Tuesday, April 21, 2009
To Kill a Mockingbird
Harper Lee’s moving story still had the power to make me cry, in spite of the poor quality of some of the acting in this stage adaptation by Christopher Sergel, performed by the Montana Repertory Theatre Sunday at the Brooklyn Center for the Performing Arts at Brooklyn College.
The weakest link was Mikel MacDonald as Atticus Finch, the white southern lawyer and widowed father of two young children who defends a young black man falsely accused of raping a white woman in 1935 rural Alabama. Director Greg Johnson cast this crucial role with someone who at best sounds as if he’s doing a first read-though. The actor who played Judge Taylor (Jackson Palmer) also was weak, and the effect of these two ineffective performances reduced the whole production to an amateur level, which is a shame because some elements did shine.

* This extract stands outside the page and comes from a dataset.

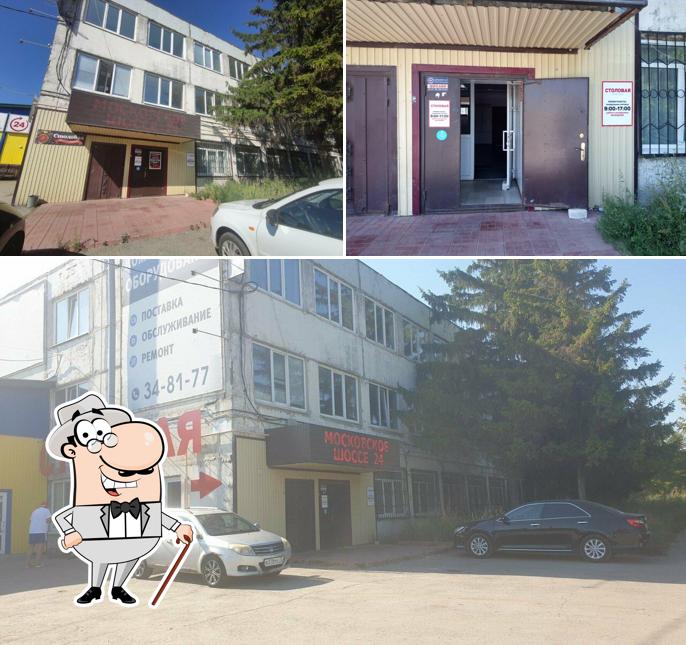 Столовая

Luckily Scout (Marie Fahlgren), Addicus’s tomboyish daughter through whose eyes we see the story, is good, as are her older brother, Jem (Jennifer Fleming-Lovely), and Dill (Heather Schmidt), a little boy visiting relatives in the neighborhood. The strongest performance is by Robert Karma Robinson (in photo) as Tom Robinson, the accused man.

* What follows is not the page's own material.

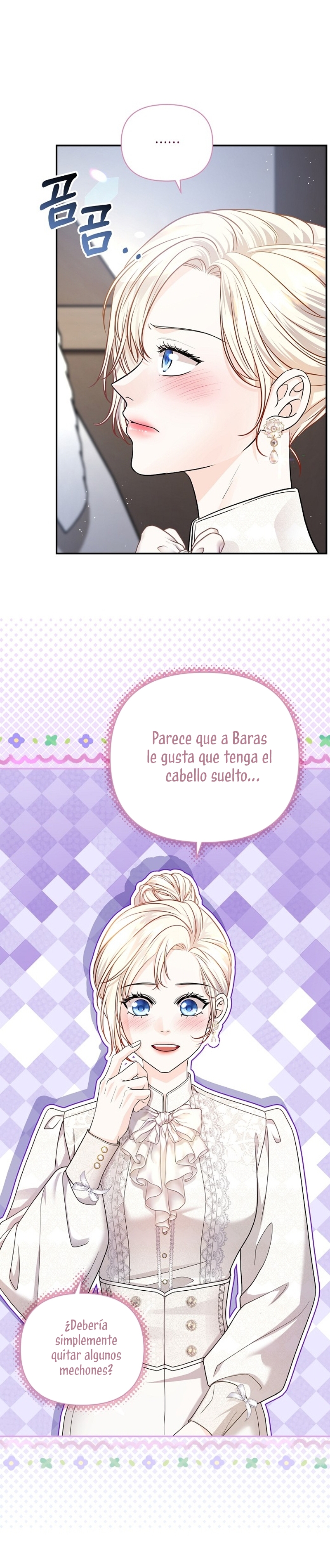 El Gran Duque del Norte Capítulo 47 - Página 15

Scenic designer Bill Raoul’s sets, coupled with Mark Dean’s lighting, shift easily and believably from front yard, to jail house to courtroom.
Montana Rep’s production celebrates the Pulitzer Prize-winning novel’s 50th anniversary. The play is good and deserves better performers, especially since it’s hard to watch and not be reminded of the beautiful 1962 movie, with its Oscar-winning screenplay by Horton Foote. Gregory Peck, one of my all-time favorite actors, won an Oscar for his portrayal of Atticus. The film, which had been nominated for eight Academy Awards, also won for best art direction.
Established in 1967, Montana Rep has become a widely recognized touring company. The Brooklyn Center for the Performing Arts’s presentations explore both the classical traditions and the boldest contemporary performances -- embracing the world culture that defines Brooklyn -- and boasts one of the largest arts education programs in the borough, serving schoolchildren from more than 225 schools annually.